Matar a un ruiseñor es una novela maravillosa. Había visto la película de Robert Mulligan varias veces (con Gregory Peck como un inolvidable Atticus Finch y un jovencísimo Robert Duvall haciendo de Boo Radley), pero nunca había leído el original de Harper Lee. (A quien por lo demás no le fue nada mal con la novelita: la cubierta de mi edición dice ‘Ganadora del premio Pulitzer, más de 30 millones vendidos'. ¡Treinta millones de libros!

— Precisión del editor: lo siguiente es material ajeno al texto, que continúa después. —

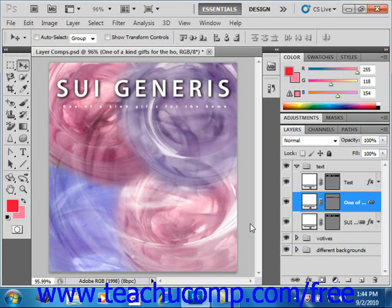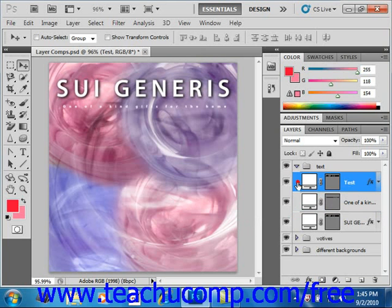You can also use the move tool in the toolbox to move layer content. To do this, first make sure you have the correct layer selected. Now we'll select our test layer.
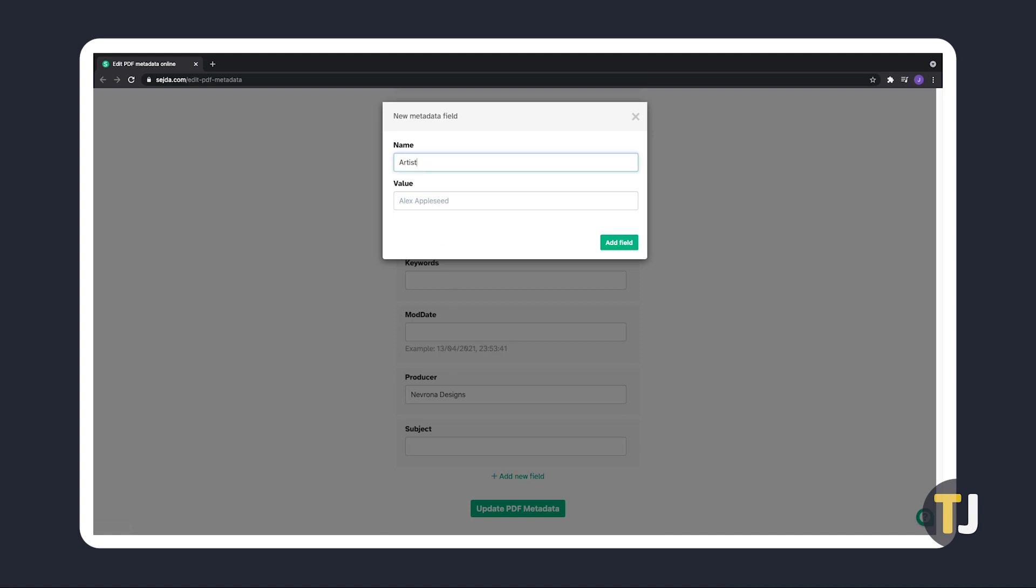To add in an artist field, for example, type in artist under name, then the name of the artist under value.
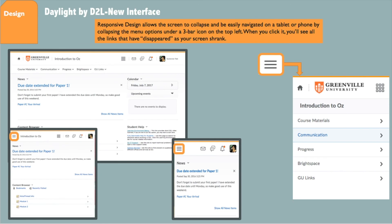When you click it, you'll see all the links that have disappeared as your screen shrank. The display on this slide shows a full screen as you would see on a laptop, then it transitions down to a smaller tablet size, and you can see the three-bar menu circled in orange.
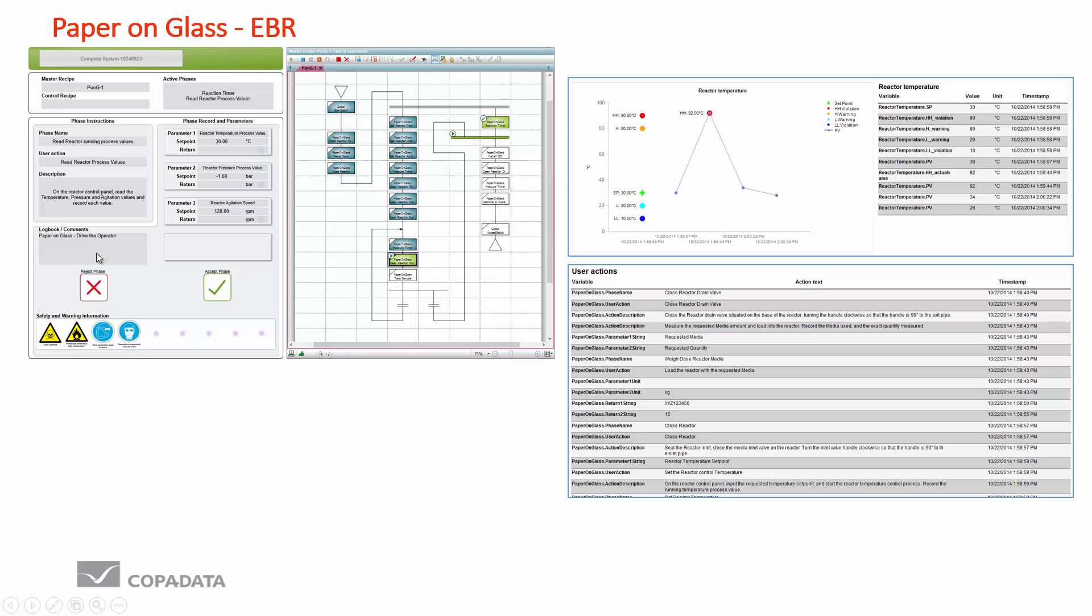Because we record information automatically into a historian, as soon as the last pill leaves the production line we can create a batch record. We collect all the information automatically during the batch production and instantly we can generate a production report which gives a user audit trail about all the events which have happened during that batch.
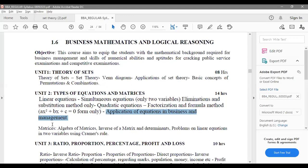Coming to matrices, it is a separate concept. We will learn the basics: addition, subtraction, multiplication, and division of matrices. Along with that, we will also learn the inverse of matrices and problems on linear equations. One important thing in matrices is Cramer's rule, which is important — a question will for sure be asked in the examination. So we are going to solve problems regarding Cramer's rule.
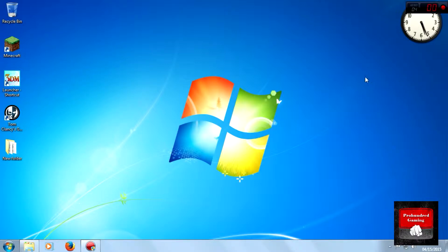What's going on guys, this is ProHundred here and today I'm going to show you how to put music on Grand Theft Auto 5.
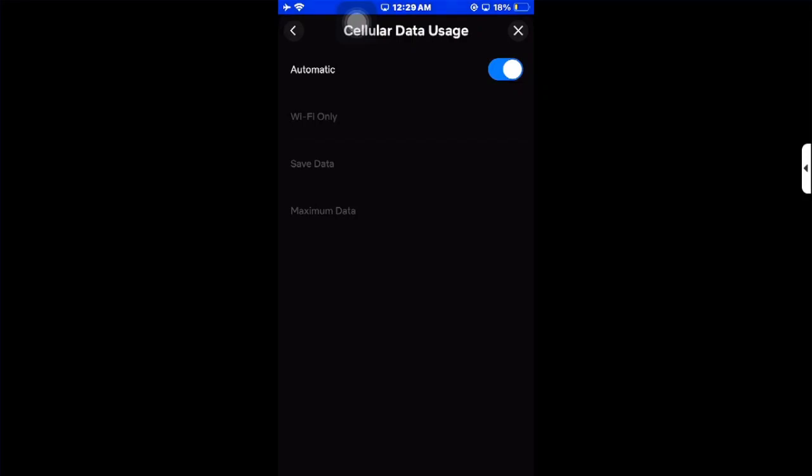If your connection is bad, your quality will not be as good. If you disable automatic, you can select save data, Wi-Fi only, or maximum data. That's how you can change your quality in the app.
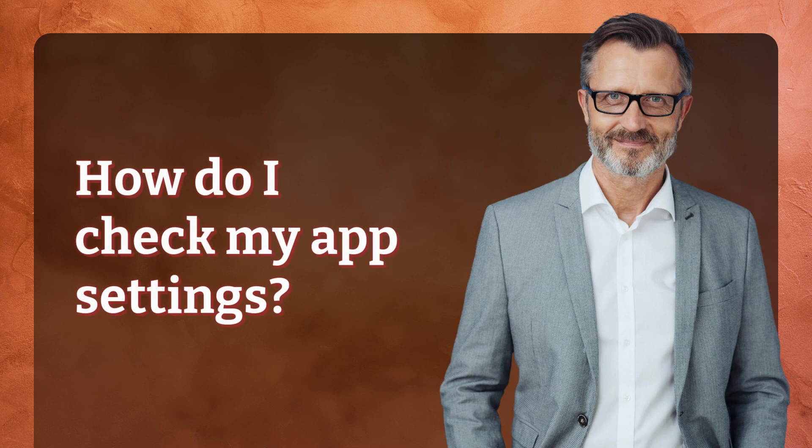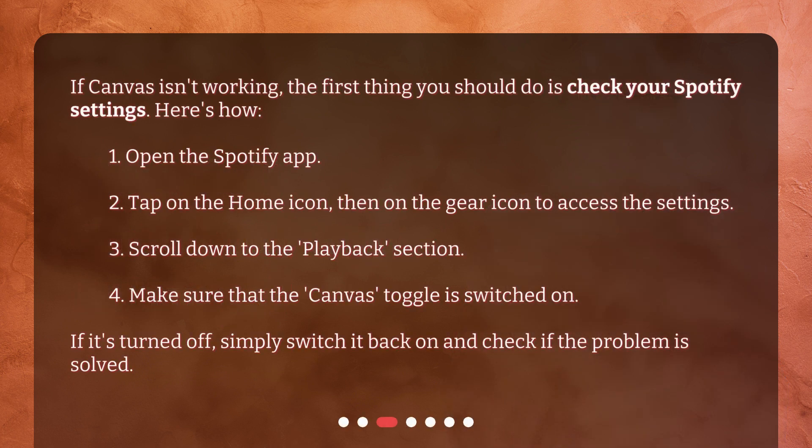How do I check my app settings? If Canvas isn't working, the first thing you should do is check your Spotify settings. Here's how: 1. Open the Spotify app. 2. Tap on the home icon, then on the gear icon to access the settings. 3. Scroll down to the Playback section. 4. Make sure that the Canvas toggle is switched on. If it's turned off, simply switch it back on and check if the problem is solved.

Cifras hoy impensables para un libro de calidad.)

La historia es la misma: el relato en primera persona de una niña apodada Scout, que vive en un pueblo del sur de los Estados Unidos en 1935. Matar a un ruiseñor es a la vez una historia de iniciación, un cuento de fantasmas -Maycomb tiene su propio espectro, el mentado Boo Radley- y un retrato de la vida pueblerina en la América segregada. A la vez es vehículo de uno de los mejores personajes de la literatura americana, quizás el más admirable (Ajab es inconmensurable pero dista de ser un ejemplo): Atticus Finch, padre de Scout y de su hermano mayor Jem, un viudo que cría a sus hijos con la ayuda de una mujer afroamericana llamada Calpurnia. Finch es abogado y trabaja todo el día. Imposibilitado de vigilar a sus hijos de manera constante, y por ende de controlarlos en las minucias de la cotidianeidad, se concentra por ello en lo verdaderamente importante: el alma de sus hijos. Si Harper Lee -que le dedica la novela a un ‘Mr. Lee' en quien no cuesta nada imaginar a su propio padre- hubiese tenido la intuición de adelantársele a Savater, podría haber titulado la novela Etica para Jem y Scout sin equivocarse ni un poco. ¿Quién no sueña con ser un padre como Atticus Finch?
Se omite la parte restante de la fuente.